The Majdanek concentration camp, with its ovens, resident buildings, piles of human ashes and stretches of graves in sunken strips of land, still haunts Lynn Zuckerman.
Two years ago Zuckerman, a Weinberg sophomore, toured six concentration camps in Poland, including Auschwitz, Birkenau and Oskar Schindler’s factory.
Of all the places she saw, the Majdanek camp left her most shaken.
“It was the scariest place because if somebody wanted to, in 24 hours they could have it up and running,” Zuckerman said. “It’s just so awful. It shocked me because before, everything was just kind of a picture in a book. This kind of put the ground under your feet and the barracks next to you.”
Zuckerman said it was difficult for her to understand fully what she saw. It’s even more difficult for the people she told about her trip to understand.

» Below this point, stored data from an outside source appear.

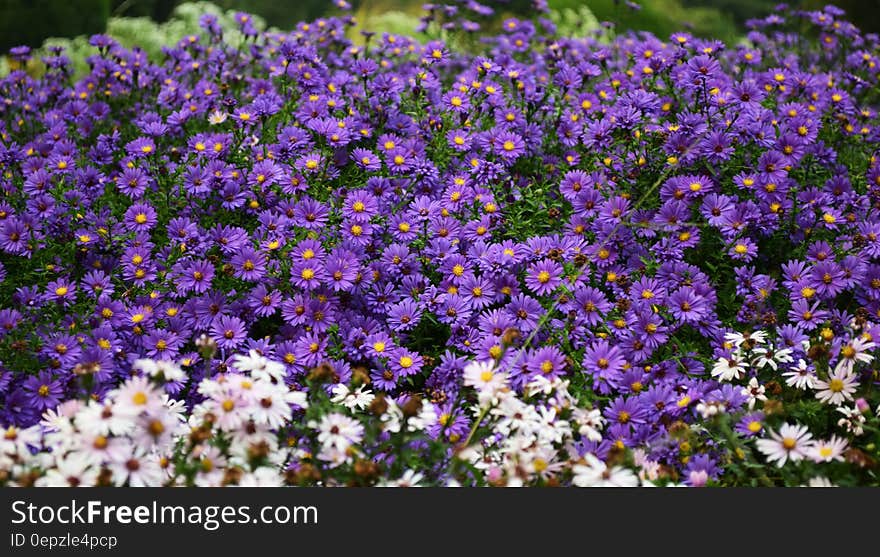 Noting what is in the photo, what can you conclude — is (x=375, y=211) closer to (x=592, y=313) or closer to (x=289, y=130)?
(x=289, y=130)

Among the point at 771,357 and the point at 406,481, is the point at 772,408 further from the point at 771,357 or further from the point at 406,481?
the point at 406,481

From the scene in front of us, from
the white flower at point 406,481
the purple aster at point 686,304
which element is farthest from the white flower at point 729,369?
the white flower at point 406,481

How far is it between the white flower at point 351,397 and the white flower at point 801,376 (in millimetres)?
1044

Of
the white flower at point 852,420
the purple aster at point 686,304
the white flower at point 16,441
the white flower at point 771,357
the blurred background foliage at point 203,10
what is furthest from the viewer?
the blurred background foliage at point 203,10

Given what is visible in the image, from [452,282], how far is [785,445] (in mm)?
984

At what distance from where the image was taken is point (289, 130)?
9.12ft

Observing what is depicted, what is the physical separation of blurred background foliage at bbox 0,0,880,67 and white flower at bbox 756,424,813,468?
2656 mm

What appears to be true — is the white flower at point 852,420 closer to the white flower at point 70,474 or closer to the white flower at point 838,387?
the white flower at point 838,387

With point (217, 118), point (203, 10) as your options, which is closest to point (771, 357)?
point (217, 118)

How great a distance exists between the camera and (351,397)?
2098mm

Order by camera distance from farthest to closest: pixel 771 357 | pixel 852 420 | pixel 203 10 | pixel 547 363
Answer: pixel 203 10
pixel 771 357
pixel 547 363
pixel 852 420

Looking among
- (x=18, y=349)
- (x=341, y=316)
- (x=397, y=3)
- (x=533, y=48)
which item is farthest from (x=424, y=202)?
(x=397, y=3)

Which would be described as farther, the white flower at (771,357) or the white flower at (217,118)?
the white flower at (217,118)

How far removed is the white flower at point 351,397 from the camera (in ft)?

But she and other members of Students Helping Organize Awareness of the Holocaust (SHOAH) read names of Holocaust victims all day Monday hoping to make Northwestern students aware of what the victims experienced during World War II.
“As close as that experience was, it still just scratches the surface,” Zuckerman said. “I don’t think there’s any way that any one of us can really fathom what happened.”
Bill Choslovsky, director of the Never Again Foundation, said he read names to pay a small tribute and serve as a voice for the victims.
“It’s easy when you say the number 6 million to lose sight of what 6 million actually represents,” Choslovsky said. “Just because it’s a statistic, you become numb to it. If you actually stop to think about it for just a second, there’s never been an atrocity like it.”
Although it might make people uncomfortable, Choslovsky said the reading is an educational opportunity for non-Jewish students who walk by and aren’t always exposed to stories of the atrocities in class.
Weinberg sophomore Sean Pokorney, a member of SHOAH’s executive board, said he thinks the topic is often overlooked.
“Everybody constantly needs to be reminded, and nobody could ever fully grasp what it means for 6 million people to die in such a horrible event,” Pokorney said. “The magnitude of it just can’t be understood in the classroom. We have to create awareness and educate so that it doesn’t happen again.”
Erica Schwartz, Speech freshman and SHOAH member, toured the concentration camps with Zuckerman. Schwartz said she came home with a new perspective of herself and humanity.
“Hate can unfortunately come out in people very easily, and we need to be aware of our actions and be responsible,” Schwartz said. “In the Holocaust, people would say, ‘It’s not my fault. I was ordered to do so. It’s not my responsibility.’ But people do need to be responsible for their own actions.”
The remembrance day was also celebrated in Israel on Monday. Cars halted and people stood silent along the streets for two minutes as a tribute to Holocaust victims.
“Something like that is beautiful, but honestly it’s almost like we should begin everyday like that for the people who have suffered in any atrocity,” Schwartz said. “Hopefully this is something that will get people to think. But the bottom line is there’s still hate and we still have a long way to go.”